Volta e meia surge um ator que, fora do circuitão hollywoodiano, alia um talento absurdo a ótimas escolhas de carreira para se tornar um nome quente no cinema e entrar na minha lista de favoritos. Foi assim com Tony Leung e Joseph Gordon-Levitt, por exemplo. O caso mais recente, contudo, é o de Mads Mikkelsen.
Nascido na Dinamarca, Mikkelsen já tinha chamado atenção em ótimos filmes dos também nórdicos Nicolas Winding Refn e Susanne Bier. Em Hollywood, teve a honra de fazer o primeiro vilão da série 007 com Daniel Craig - e quem viu a cena da tortura de James Bond em CASSINO ROYALE sabe do que o cara é capaz. No fraco FÚRIA DE TITÃS, em meio a um elenco no automático, Mikkelsen parecia estar em um filme muito melhor devido à qualidade de sua atuação.
Recentemente, assisti a duas excelentes obras em que Mads Mikkelsen mostra não só sua versatilidade mas também o ótimo faro para a escolha de papéis. A primeira é A CAÇA, excelente drama opressivo de Thomas Vinterberg, e O AMANTE DA RAINHA, filme histórico que foi indicado ao Oscar de filme estrangeiro esse ano.

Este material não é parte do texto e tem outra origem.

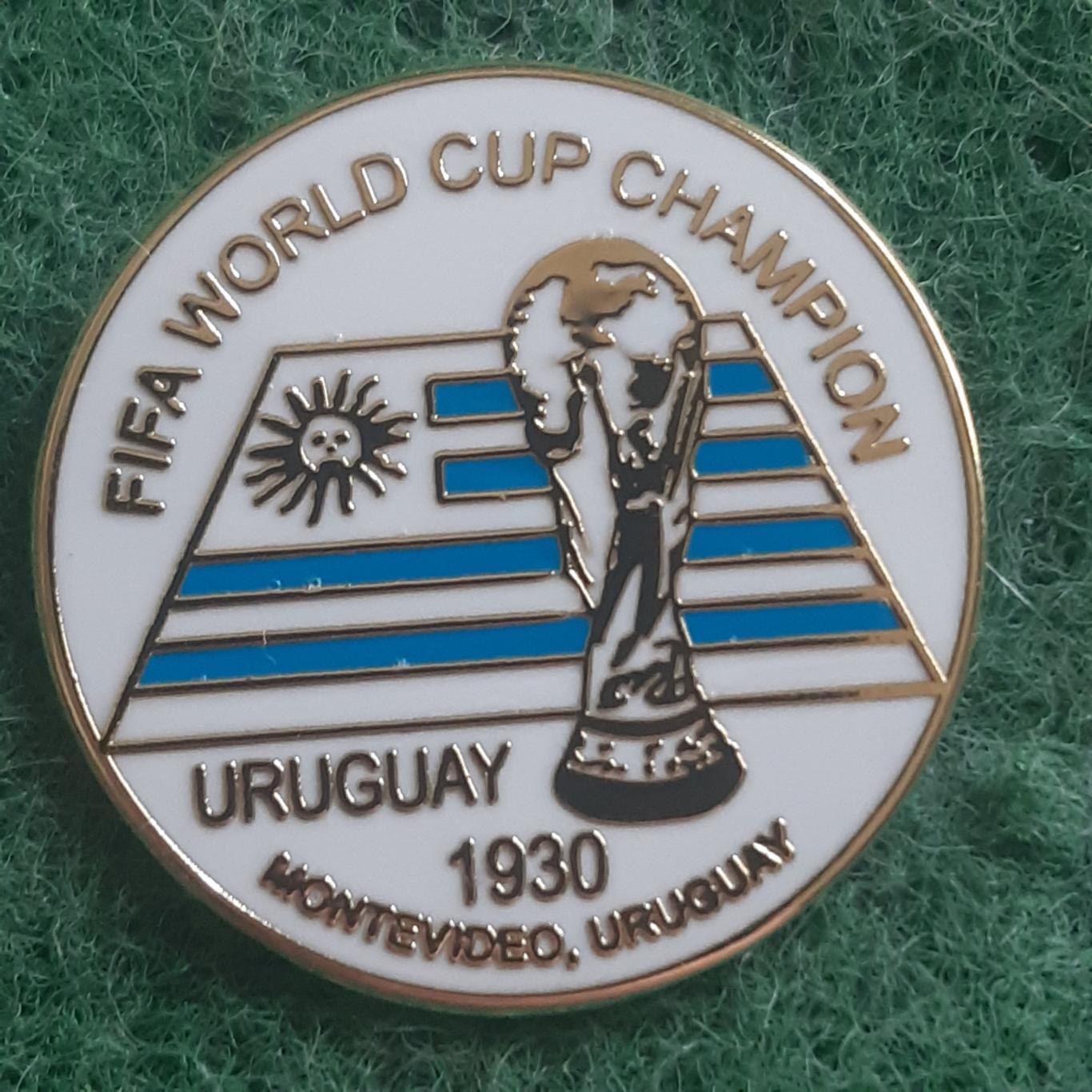 Футбол.Чемпіонат світу.ФІФА FIFA УРУГВАЙ 1930.ЕМАЛЬ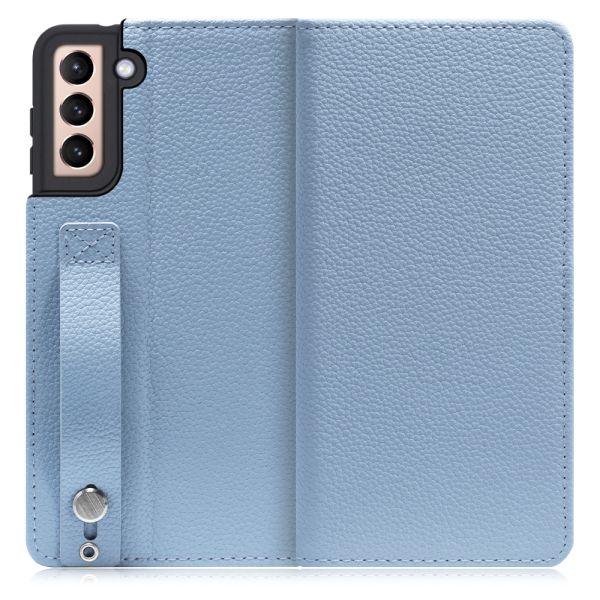 [ LOOF HOLD ] Galaxy S21+ 5G SCG10 s21plus s21 plus s21plus5g s21+5g スマホケース ケース カバー 手帳型ケース 背面ベルト カード収納 本革 マグネットなし [ Galaxy S21+ 5G ]
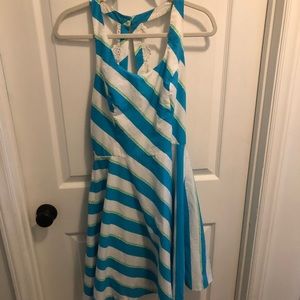 Lilly Pulitzer A line, knee length dress. Size 6. GUC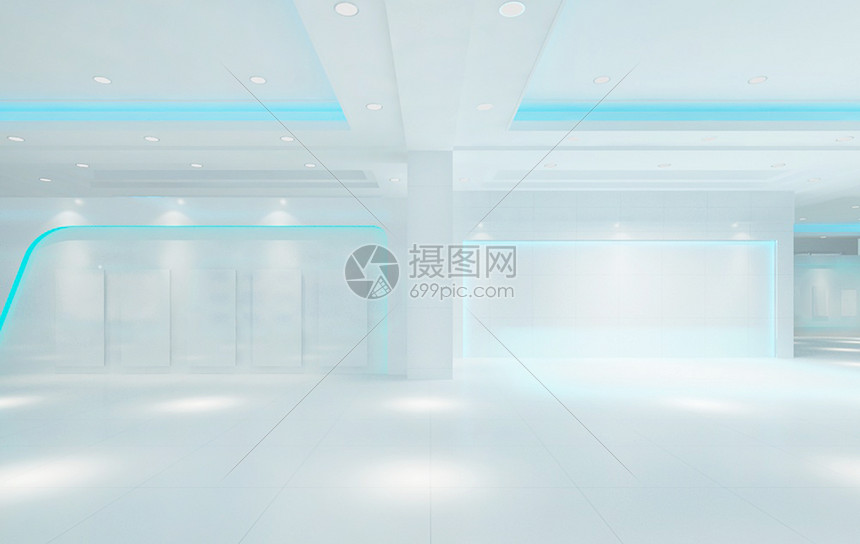 科技感立体三维空间图片素材_免费下载_psd图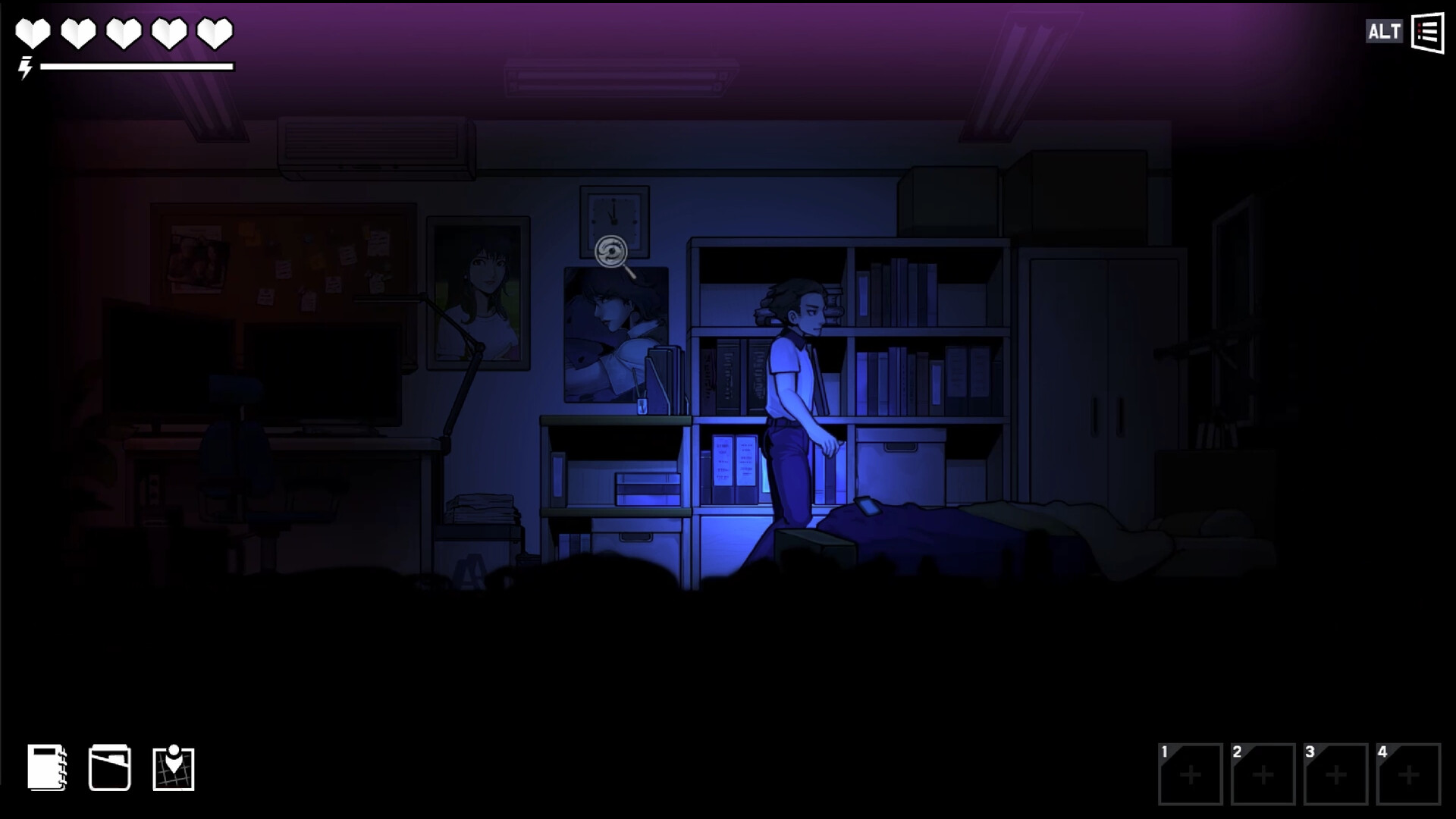 The Coma 2B: Catacomb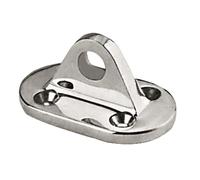 Basetta inox per lifeline occhio 10 mm - 1 PZ Osculati - 05.860.87 - 0586087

A CAÇA conta a história de um professor de uma creche (Mikkelsen) que cai numa espiral de desgraça quando uma criança afirma ter visto o "pipi" dele - está evidente o abuso sexual. A partir de uma sutil porém notável reflexão sobre uma fé nórdica na honestidade dos indivíduos (especialmente crianças), A CAÇA denota como a culpa de algo tão horrível só pode ser genuína. Afinal de contas, quem mentiria ou inventaria um dos crimes hediondos que pode existir? Vinterberg usa de metáforas interessantes para ilustrar a situação terrível em que se encontra o professor, da inabilidade de se pisar em rachaduras (uma espécie de TOC que a menininha acusadora tem) até a tradicional cultura de caça presente na Dinamarca. Mikkelsen representa de forma pungente a exclusão social (por vezes através da violência) a que o professor é submetido e a dor de ser visto como vilão por um uma comunidade mais vilanesca do que ele.